In its first week on sale in Japan, the game sold 81,000 copies, going through 56% of its shipment. Square Enix deliberately shipped a large quantity of the game because sales of the previous Theatrhythm were so strong that there were supply problems. According to the annual sales report of Famitsu, the games sold 128,000 copied in 2014 in Japan. In the United Kingdom market, Curtain Call ranked seventeenth in its debut week.

== Aftermath ==

In an interview coinciding with the launch of Curtain Call, Hazama discussed the potential for extending Theatrhythm beyond Final Fantasy. He rejected the idea of creating the Theatrhythm SaGa game, expressing that if there were a SaGa title, it would embody SaGa's unique atmosphere rather than being a mere substitution of Final Fantasy elements, requiring a significant amount of work. However, Hazama also expressed interest in applying the Theatrhythm framework to other game titles.

The Dragon Quest-based sequel, Theatrhythm Dragon Quest, was released in 2015, and received acclaim for its embodiment of Dragon Quest elements. Around the time of this release, Hazama proposed a planning for Theatrhythm Kingdom Hearts, which later became Kingdom Hearts: Melody of Memory.
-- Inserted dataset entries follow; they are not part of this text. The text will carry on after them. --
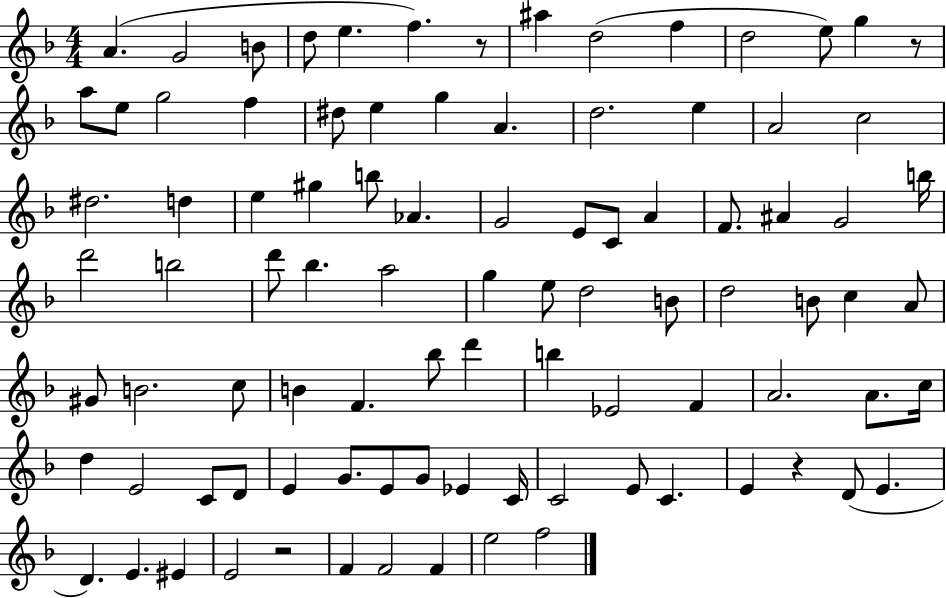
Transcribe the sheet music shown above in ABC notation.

X:1
T:Untitled
M:4/4
L:1/4
K:F
A G2 B/2 d/2 e f z/2 ^a d2 f d2 e/2 g z/2 a/2 e/2 g2 f ^d/2 e g A d2 e A2 c2 ^d2 d e ^g b/2 _A G2 E/2 C/2 A F/2 ^A G2 b/4 d'2 b2 d'/2 _b a2 g e/2 d2 B/2 d2 B/2 c A/2 ^G/2 B2 c/2 B F _b/2 d' b _E2 F A2 A/2 c/4 d E2 C/2 D/2 E G/2 E/2 G/2 _E C/4 C2 E/2 C E z D/2 E D E ^E E2 z2 F F2 F e2 f2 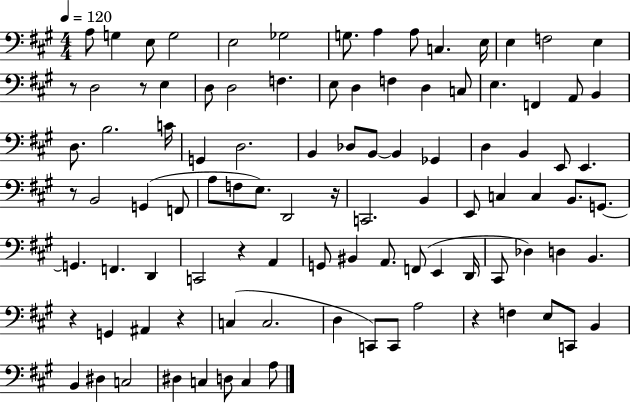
X:1
T:Untitled
M:4/4
L:1/4
K:A
A,/2 G, E,/2 G,2 E,2 _G,2 G,/2 A, A,/2 C, E,/4 E, F,2 E, z/2 D,2 z/2 E, D,/2 D,2 F, E,/2 D, F, D, C,/2 E, F,, A,,/2 B,, D,/2 B,2 C/4 G,, D,2 B,, _D,/2 B,,/2 B,, _G,, D, B,, E,,/2 E,, z/2 B,,2 G,, F,,/2 A,/2 F,/2 E,/2 D,,2 z/4 C,,2 B,, E,,/2 C, C, B,,/2 G,,/2 G,, F,, D,, C,,2 z A,, G,,/2 ^B,, A,,/2 F,,/2 E,, D,,/4 ^C,,/2 _D, D, B,, z G,, ^A,, z C, C,2 D, C,,/2 C,,/2 A,2 z F, E,/2 C,,/2 B,, B,, ^D, C,2 ^D, C, D,/2 C, A,/2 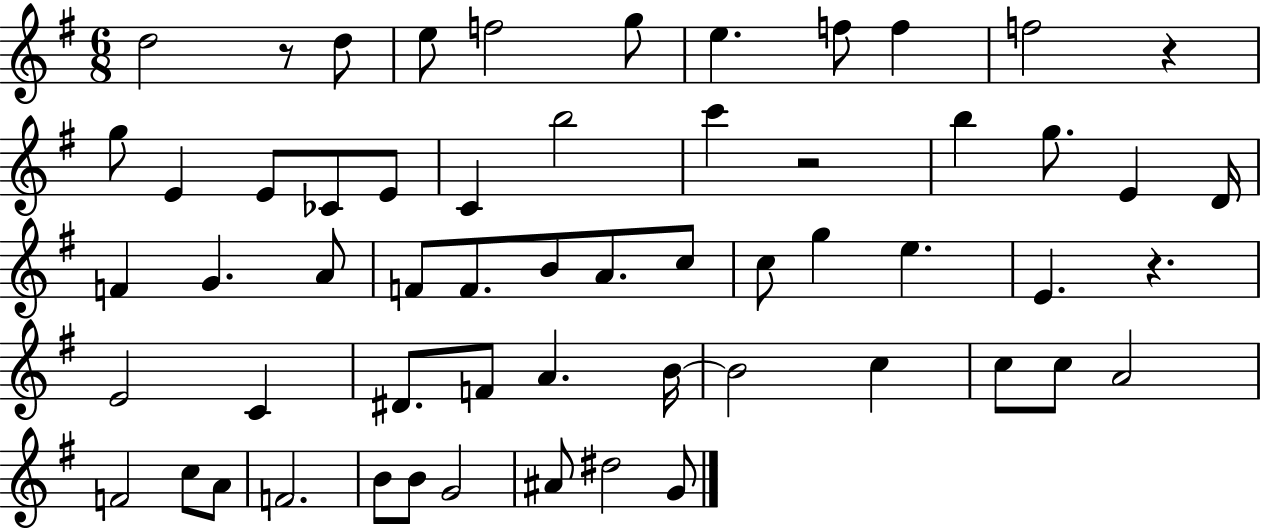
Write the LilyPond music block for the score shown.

{
  \clef treble
  \numericTimeSignature
  \time 6/8
  \key g \major
  \repeat volta 2 { d''2 r8 d''8 | e''8 f''2 g''8 | e''4. f''8 f''4 | f''2 r4 | \break g''8 e'4 e'8 ces'8 e'8 | c'4 b''2 | c'''4 r2 | b''4 g''8. e'4 d'16 | \break f'4 g'4. a'8 | f'8 f'8. b'8 a'8. c''8 | c''8 g''4 e''4. | e'4. r4. | \break e'2 c'4 | dis'8. f'8 a'4. b'16~~ | b'2 c''4 | c''8 c''8 a'2 | \break f'2 c''8 a'8 | f'2. | b'8 b'8 g'2 | ais'8 dis''2 g'8 | \break } \bar "|."
} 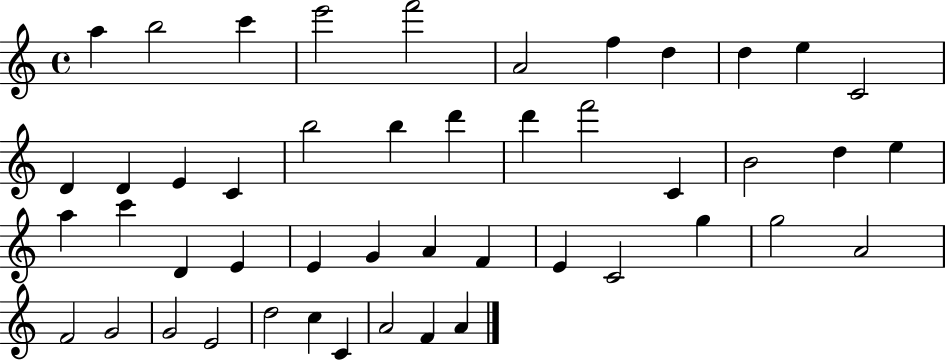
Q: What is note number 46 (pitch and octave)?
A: F4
Though it was initially stated that Curtain Call would be the last installment of Theatrhythm Final Fantasy, two additional Theatrhythm titles related to Final Fantasy were released. Final Fantasy: All-Star Carnival, an arcade game released in 2016 in Japan, emphasized the concept that "rhythm games mean arcade". The title focus on skills and high scores, introducing the fourth difficulty level for superior players, simultaneous pressing and flipping mechanics, and four-player competitions. Theatrhythm Final Bar Line, another Theatrhythm game featuring Final Fantasy music and also considered as the definitive finale, was released in 2023 for the Nintendo Switch and PlayStation 4.